WikiHint: A Human-Annotated Dataset for Hint Ranking and Generation
Jamshid Mozafari, Florian Gerhold, Adam Jatowt
TL;DR
This paper introduces WikiHint, the first manually verified dataset for hint generation and ranking, derived from Wikipedia with 5,000 hints for 1,000 questions. It details a full pipeline for question sampling, hint generation via crowdsourcing, and rigorous human verification, along with a train/test split designed for robust evaluation. The authors also propose HintRank, a lightweight, encoder-based method to rank hints without requiring heavy LLM evaluation, and they evaluate both hint generation and ranking across answer-aware and answer-agnostic settings. Key findings include that hints improve question answering, shorter hints tend to be more helpful, and encoder-based models can outperform decoders in hint ranking, with finetuning further enhancing performance. These contributions advance human-centered QA augmentation and offer scalable, efficient tools for hint-based assistance and educational applications.
Abstract
The use of Large Language Models (LLMs) has increased significantly with users frequently asking questions to chatbots. In the time when information is readily accessible, it is crucial to stimulate and preserve human cognitive abilities and maintain strong reasoning skills. This paper addresses such challenges by promoting the use of hints as an alternative or a supplement to direct answers. We first introduce a manually constructed hint dataset, WikiHint, which is based on Wikipedia and includes 5,000 hints created for 1,000 questions.
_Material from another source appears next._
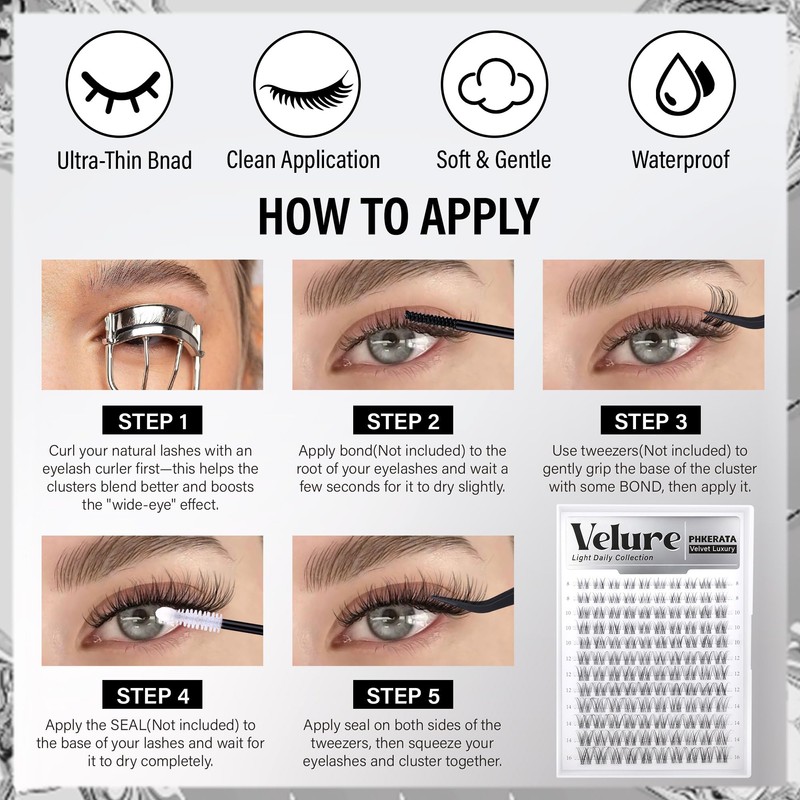 PHKERATA Velure Lash Clusters Natural Cluster Eyelash Extensions Wispy Individual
We then finetune open-source LLMs for hint generation in answer-aware and answer-agnostic contexts. We assess the effectiveness of the hints with human participants who answer questions with and without the aid of hints. Additionally, we introduce a lightweight evaluation method, HintRank, to evaluate and rank hints in both answer-aware and answer-agnostic settings. Our findings show that (a) the dataset helps generate more effective hints, (b) including answer information along with questions generally improves the quality of generated hints, and (c) encoder-based models perform better than decoder-based models in hint ranking.